Thomas frowned. "I don't know. Money, I suppose."

"No trouble about that," said Wilkie. "How much? I can make you half a ton of gold as easily as half a pound."

"I don't think I can carry more than about fifty pounds."

"I don't think he can spend bullion very easily," Ardmore commented. "It should be in coin."

"I can use bullion," Thomas insisted. "All I have to do is to take it to the Imperial bank. Panning gold is encouraged; our gracious masters charge one hell of a stiff seigniorage."

Ardmore shook his head. "You're missing the propaganda aspect. A priest in long robes and a flowing beard doesn't whip out a check book and a fountain pen; it's out of character. I don't want you to have a bank account anyhow; it will give the enemy detailed records of just what you are doing. I want you to pay for things with beautiful, shiny golden coins, stacks of them. It will make a tremendous impression. Scheer, are you any good at counterfeiting?"

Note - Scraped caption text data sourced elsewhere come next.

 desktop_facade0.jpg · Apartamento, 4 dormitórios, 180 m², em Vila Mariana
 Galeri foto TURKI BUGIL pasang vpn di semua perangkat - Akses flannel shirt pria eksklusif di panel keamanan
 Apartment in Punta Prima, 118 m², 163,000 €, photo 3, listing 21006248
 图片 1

"I've never tried it, sir."

"No time like the present. Every man needs an alternative profession. Jeff, you didn't have any chance to pick up an Imperial gold coin, did you? We need a model."

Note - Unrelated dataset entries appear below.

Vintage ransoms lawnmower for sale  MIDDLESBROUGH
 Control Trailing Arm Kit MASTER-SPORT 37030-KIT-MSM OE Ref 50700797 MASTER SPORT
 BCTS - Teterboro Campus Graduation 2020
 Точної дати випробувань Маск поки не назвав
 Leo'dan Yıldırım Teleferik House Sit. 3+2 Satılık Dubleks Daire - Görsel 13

"No, I didn't. But I suppose I could get one, if I sent word out among the Us that I needed one."

"I hate to wait. But you've got to have money to tackle Denver."

"Does it have to be Imperial money?" asked Doctor Brooks.

"Eh?"

The biologist hauled a five dollar gold piece from his pocket. "Here's a lucky piece I've carried since I was a kid. I guess this is a lucky time to let it go."

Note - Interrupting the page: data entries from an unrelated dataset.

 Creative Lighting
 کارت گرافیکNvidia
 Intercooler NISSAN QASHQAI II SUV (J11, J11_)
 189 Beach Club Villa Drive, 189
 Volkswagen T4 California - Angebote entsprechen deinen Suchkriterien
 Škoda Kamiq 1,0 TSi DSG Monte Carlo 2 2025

"Hmm ... How about it, Jeff? Can you pass American money?"

"Well, American paper money is no good, but gold coin -- My guess is that those leeches probably won't object, so long as it's gold -- at the bullion price, at least. I'm sure that Americans will take it."

"We don't care how much they discount it." Ardmore took the coin and chucked it to Scheer. "How long will it take you to make forty or fifty pounds of those?"

The master sergeant studied it. "Not long if I pour them rather than stamp them. You want them all just alike, sir?"

"Why not?"

"Well, sir, there's the matter of the date."

"Oh! I get you. Well, that's the only pattern we have; I guess we'll just have to hope that they either won't notice or won't care."

"If you can allow me just a little more time I think I could fix it, sir. I make about twenty or so with this as a pattern, then I'll do a little hand work and put a different date on each one. That will give me twenty different patterns instead of one."

"Scheer, you have the soul of an artist. Do it that way. While you are about it, you had better vary the scratches and wear marks on each."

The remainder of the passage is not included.